▶ [WORK TO COMPLETE]:
Scanning the entries below, copy every line that contains the word "Final".

▶ [INPUT FOR THIS TASK]:

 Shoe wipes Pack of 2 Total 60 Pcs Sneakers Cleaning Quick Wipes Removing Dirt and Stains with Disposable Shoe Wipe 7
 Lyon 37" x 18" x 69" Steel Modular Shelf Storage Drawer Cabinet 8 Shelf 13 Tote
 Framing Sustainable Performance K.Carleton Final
--
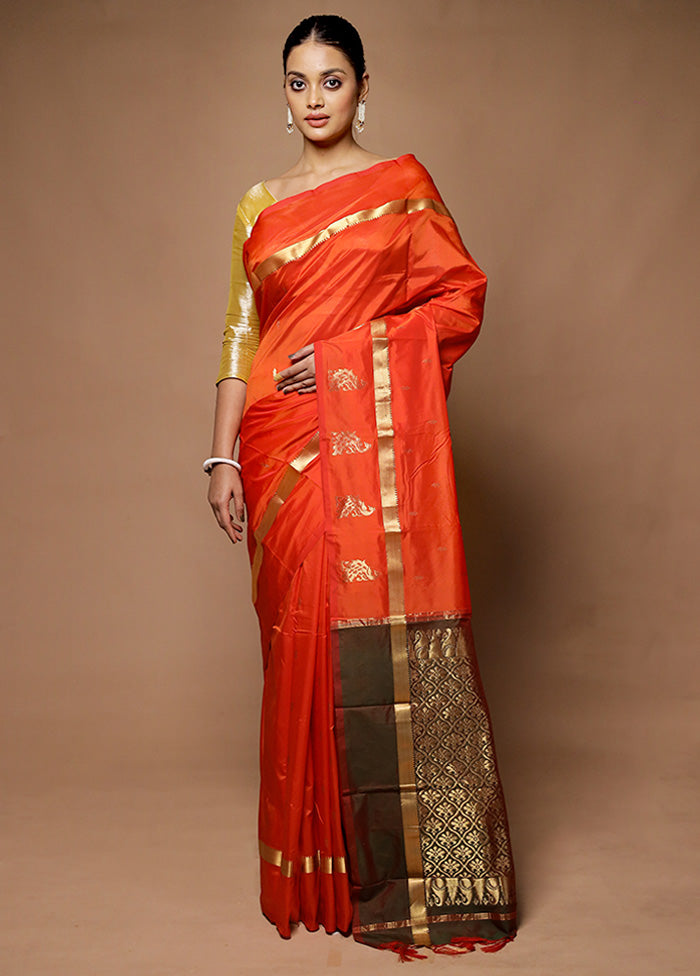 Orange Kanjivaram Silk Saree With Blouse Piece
--
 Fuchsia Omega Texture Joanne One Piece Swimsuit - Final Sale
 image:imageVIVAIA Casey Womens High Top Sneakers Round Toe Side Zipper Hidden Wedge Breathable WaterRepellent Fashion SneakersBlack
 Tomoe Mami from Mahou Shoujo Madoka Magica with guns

▶ [RESULT OF THE TASK]:
 Framing Sustainable Performance K.Carleton Final
 Fuchsia Omega Texture Joanne One Piece Swimsuit - Final Sale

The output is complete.